Status prawny artystów tancerzy, problemy z popularyzacją tej dziedziny sztuki – to niektóre tematy, dyskutowane podczas poniedziałkowego Ogólnopolskiego Kongresu Kultury „Taniec” w Bytomiu (Śląskie).
W wydarzeniu zorganizowanym w Teatrze Tańca i Ruchu Rozbark uczestniczyli krytycy sztuki, przedstawiciele środowisk artystycznych związani z tańcem, samorządowcy i promotorzy sztuki.
Dyrektor baletu Cracovia Danza Romana Agnel powiedziała, że wskazane byłoby stworzenie w Polsce centrów choreograficznych na wzór modelu francuskiego. Wspomniała o barierach zawodu tancerza m.in. ograniczonych możliwościach prezentacji umiejętności, bo spektakle z dużym zespołem tanecznym są drogie. Zwróciła uwagę na krótki okres aktywności zawodowej tancerzy. „To wszystko nieraz budzi frustrację” – podkreśliła.

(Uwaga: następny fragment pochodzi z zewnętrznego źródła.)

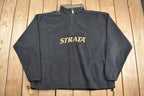 Vintage 1990s Strata Quarter Zip Fleece Sweater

Dyrektor Teatru Rozrywki w Chorzowie Dariusz Miłkowski wskazał na problemy ze zdefiniowaniem kryteriów, jakie musi spełnić tancerz. Jego zdaniem klasyczne wykształcenie baletowe pozostaje dobrą podstawą kształtowania tancerza, umożliwiającą mu rozpoznanie własnego ciała i możliwości. „Jednocześnie taki tancerz może znaleźć się potem w zespole tańca współczesnego, osiągać sukcesy, ale nawet raz nie wystąpić w repertuarze klasycznym” – powiedział.

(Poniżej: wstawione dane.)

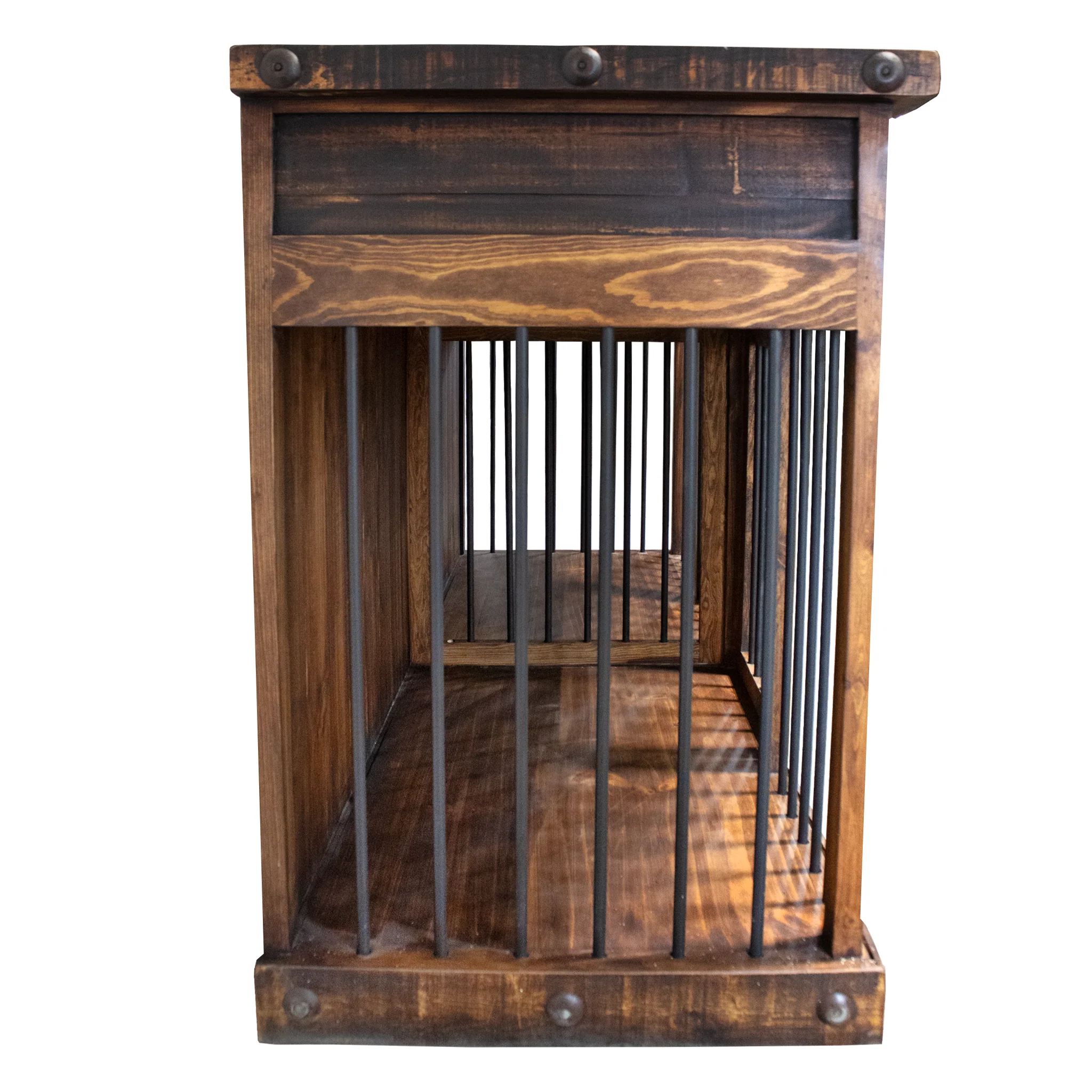 Oasis Large Dog Wood Kennel Dark Wax - Image 4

Zdaniem szefa Teatru Rozrywki zawód tancerza wymyka się ogólnym ustawowym uregulowaniom stosunku pracy i celowe byłoby stworzenie odrębnych przepisów dla tej grupy zawodowej. W tym kontekście zorganizowaną w Bytomiu dyskusję uznał za ważną i potrzebną.
Podczas kongresu dyskutowano też m.in. o systemie wsparcia artysty tancerza, specyfice instytucji tanecznych, relacjach zespołów bez sceny z instytucjami scenicznymi czy przekwalifikowaniu profesjonalnych artystów tańca.
Organizatorami Ogólnopolskiego Kongresu Kultury „Sztuki wizualne” były: Narodowy Instytut Fryderyka Chopina oraz Ministerstwo Kultury i Dziedzictwa Narodowego.